Insurance works on the principle that even though any one person's risk is too volatile to measure with any certainty, a pool of risks is much more tractable and measurable. So while said insurer would not want to write just one policy, if they write 100,000 such policies, they will have a much better chance of having the actual average loss they experience be close to the expected value. Because there is volatility, one must add a contingency/volatility/profit load which in this case is the $£100$.
Now, to the case in question - the expected value in this case would be the sum of the expected payments over the three years. There is a $10\%$ chance the system fails in year $1$. If it does, the payout is $£3000$ so the expected payment in year 1 is $£300$. For the system to fail in year $2$ it must have survived year $1$, so the expected loss is $0.9\cdot0.1\cdot£2000$ or $£180$. Similarly for year $3$ the system has to survive for two years and then fail, so the expected loss is $0.9^2\cdot0.1\cdot£1000$ or $£81$. So the total expected loss for the insurance policy is $£561$. What this means is if the company writes one million of these policies, they can be rather sure that their sum total loss will be very close to $£561,000,000$. Since the company wants to make an average profit of $£100$ one each policy, they should charge $£661$.
As for the second question, it is a matter of understanding the proportion that each ring and center bullseye is of the the total area of the circle, as having a uniform distribution means that the shooter is rather wild and can land the shot on any point within that circle equally.

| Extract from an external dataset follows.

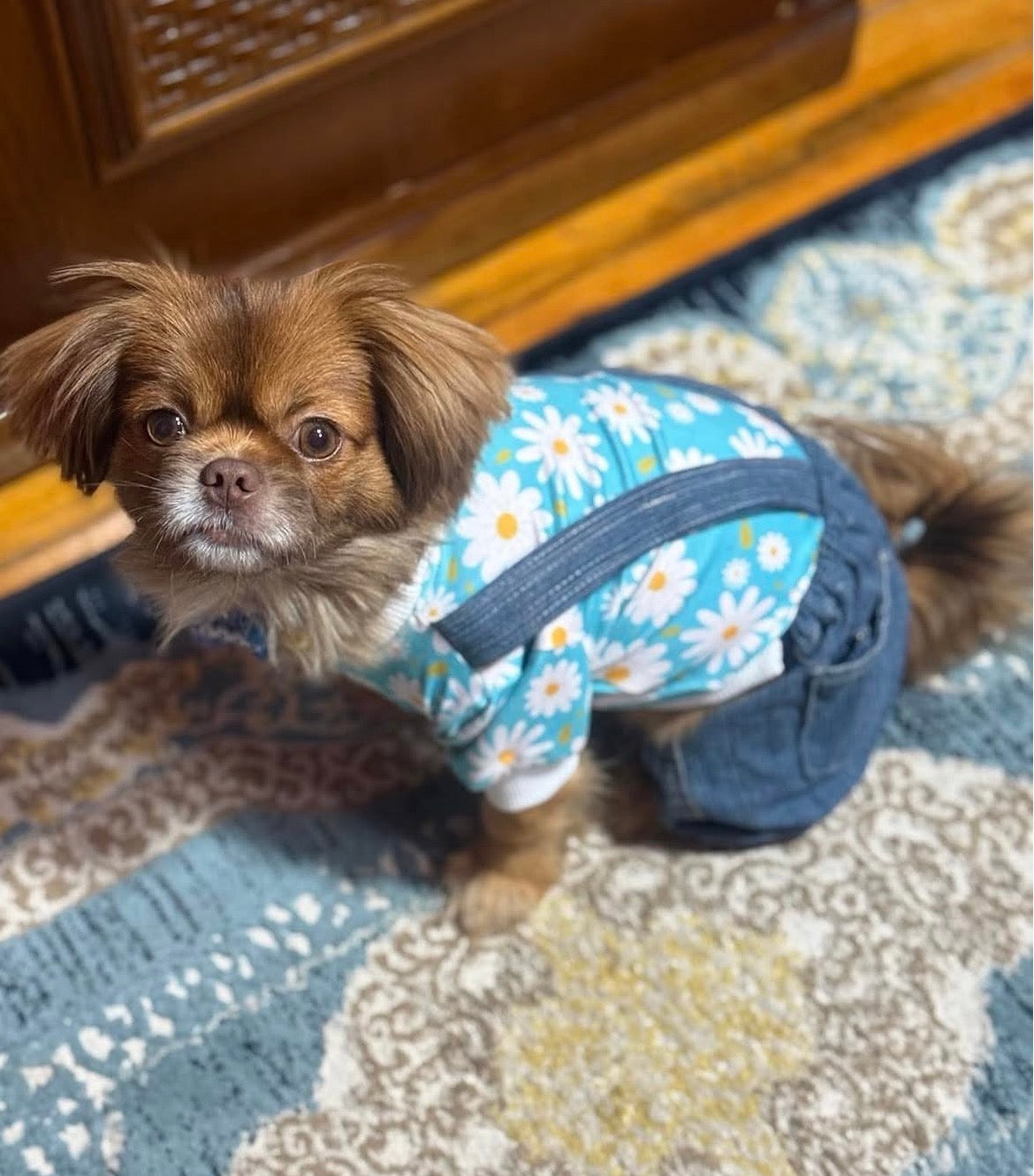 Denim Jumpsuit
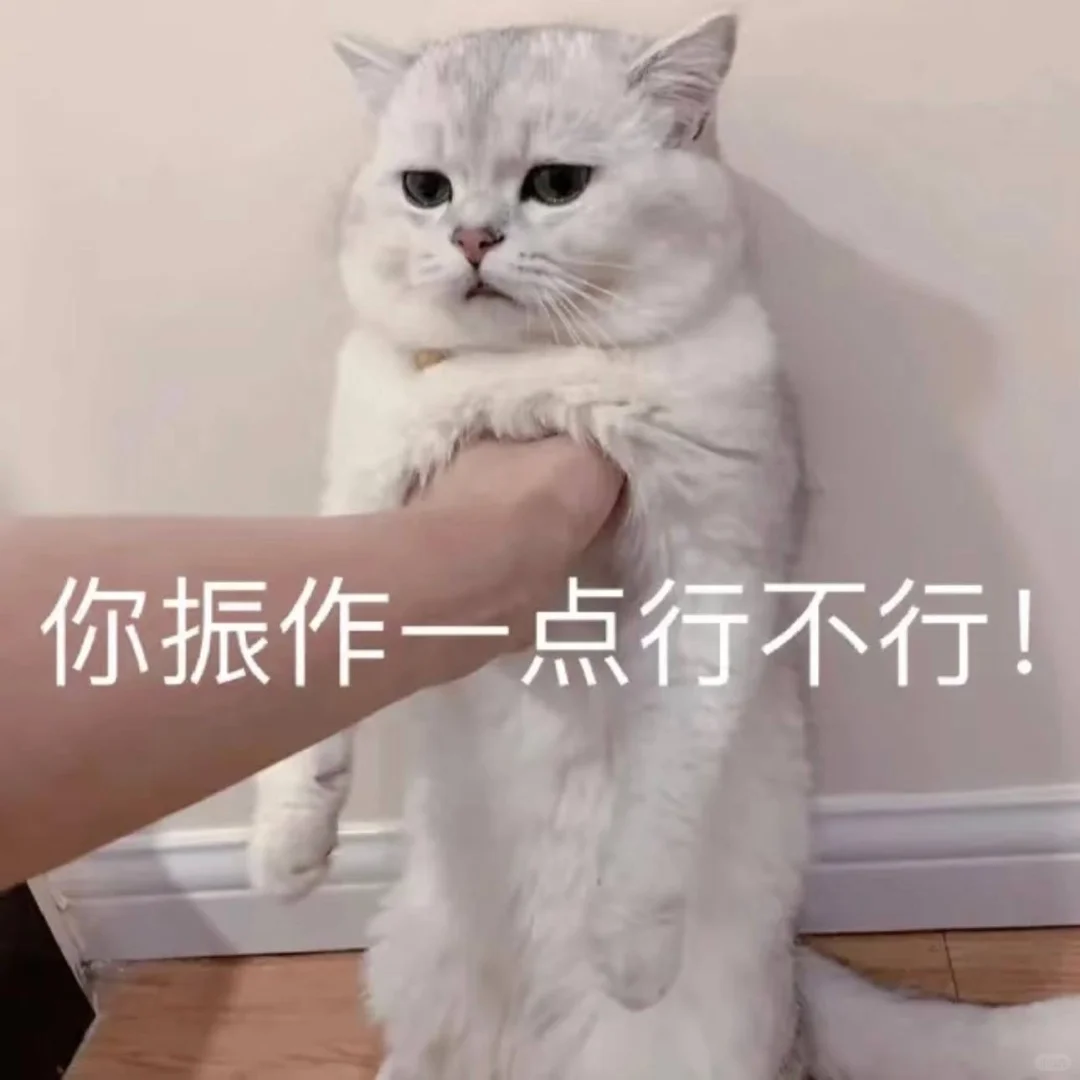 各位同仁，感觉自己好窝囊啊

The area of the total circle is $64\pi$. The area of the bullseye is $1^2\pi$, the area of the five-point ring is the area of its circle minus the area of the bullseye, which is is $3^2\pi - 1^2\pi = 8\pi$. Similarly, the area of the three-point ring is $5^2\pi - 3^2\pi = 16\pi$ and there are no points in the remaining $8^2\pi - 5^2\pi = 39\pi$. The $\pi$ all cancel in the ratios, and we have the following probability:
$$
\frac{0\cdot 39 + 3 \cdot 16 + 5 \cdot 8 + 10 \cdot 1}{64} = \frac{98}{64} \approx 1.53
$$
So this persons expected "points-per-shot" is $\frac{98}{64}$ or about $1.53$.